Breast Cancer Survivor

July 14, 2021

Cara Scharf majored in English in college, so she's always been good with words. But right after graduation, she discovered she would have to deal with four letters: BRCA. Cara was just 22 when she tested found out she was BRCA 1+ positive. It wasn't a complete surprise—her mother died of breast cancer when Cara was three, and her grandmother died of ovarian cancer. But Cara says she had never really thought about getting cancer herself. Then, in March 2011, she had a biopsy which showed malignancy in her right breast: Invasive ductal carcinoma. Cara wrote in a blog she started for family and friends, "This was not supposed to happen. I am only 25 years old. I was supposed to learn I had some fat lobules or whatever it was that people my age have. Not breast cancer."

Cara says her first thought when she heard the diagnosis was, "Am I going to die?" Her next thought was focusing on how to live. She opted for a double mastectomy and reconstruction with implants at the GW Medical Faculty Associates and in late summer, she wrapped up eight rounds of chemotherapy, each two weeks apart. Though it was a difficult time of balancing treatment and work, and having to pass on summer outings with friends, Cara says the experience was made easier because all of her medical care could be coordinated in one place.
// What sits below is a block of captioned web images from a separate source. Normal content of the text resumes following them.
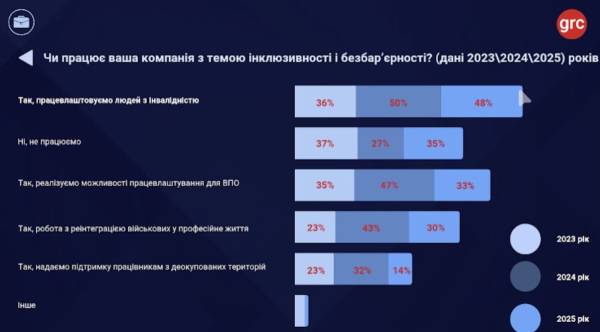 30% компаній готові наймати людей з інвалідністю, ветеранів та ВПО 9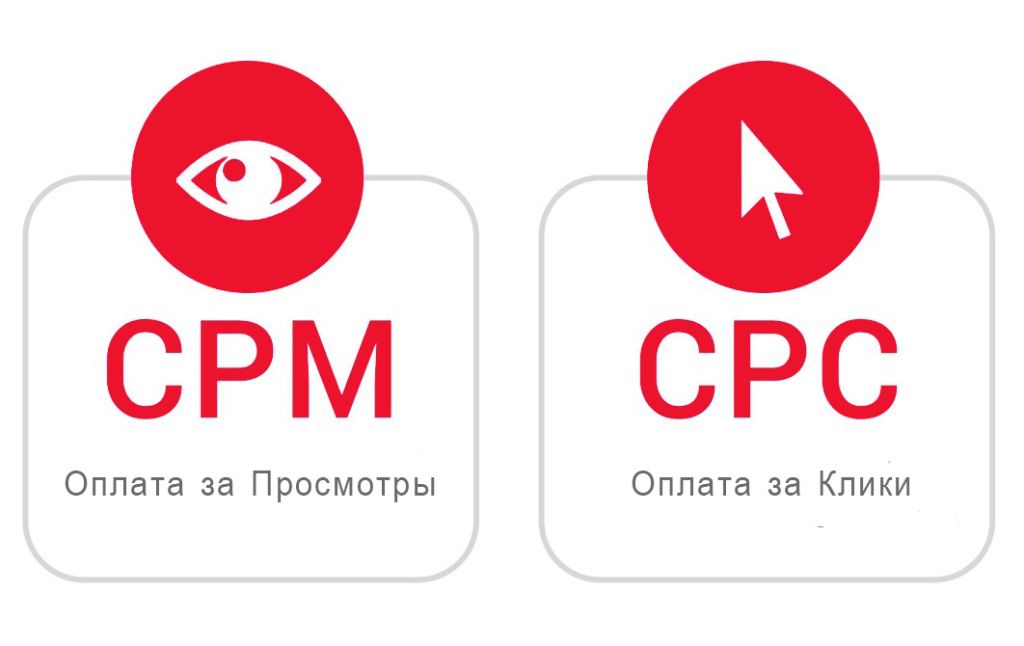 CPC это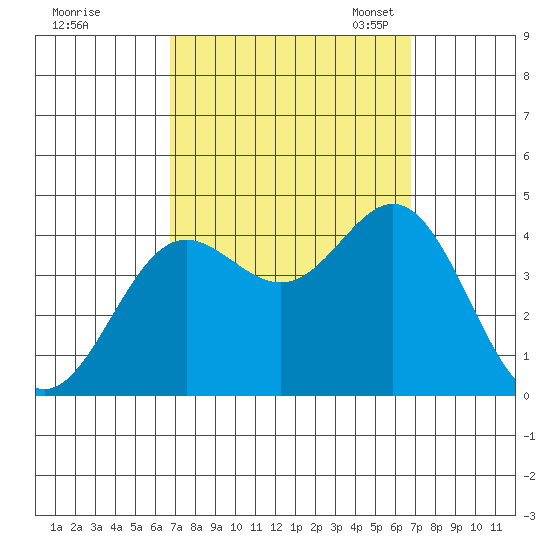 Santa Barbara Island tide chart for Thursday, September 26, 2024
It was comforting to know her oncologist was talking to her surgeon, who was talking to her plastic surgeon, and to know that all of them were working with her family in another state to make treatment as convenient as possible.

Cara says her prognosis now is good. She writes in her blog she feels "pretty awesome already. My hands are a little bit itchy and my thumbs and feet are still tingly from the neuropathy, plus I'm still bald, but I feel great." Cara's blog, Wearing My BRCA Genes, has had more than 10,700 hits from readers who have followed her story. Now she's ready to focus on what comes next, including hopes of traveling to all seven continents. She writes, "It's just normalcy... well... as much normalcy as one can feel after being diagnosed with breast cancer and undergoing a summer o'chemotherapy." It's a new chapter that's hard-won, and sure to be well-written.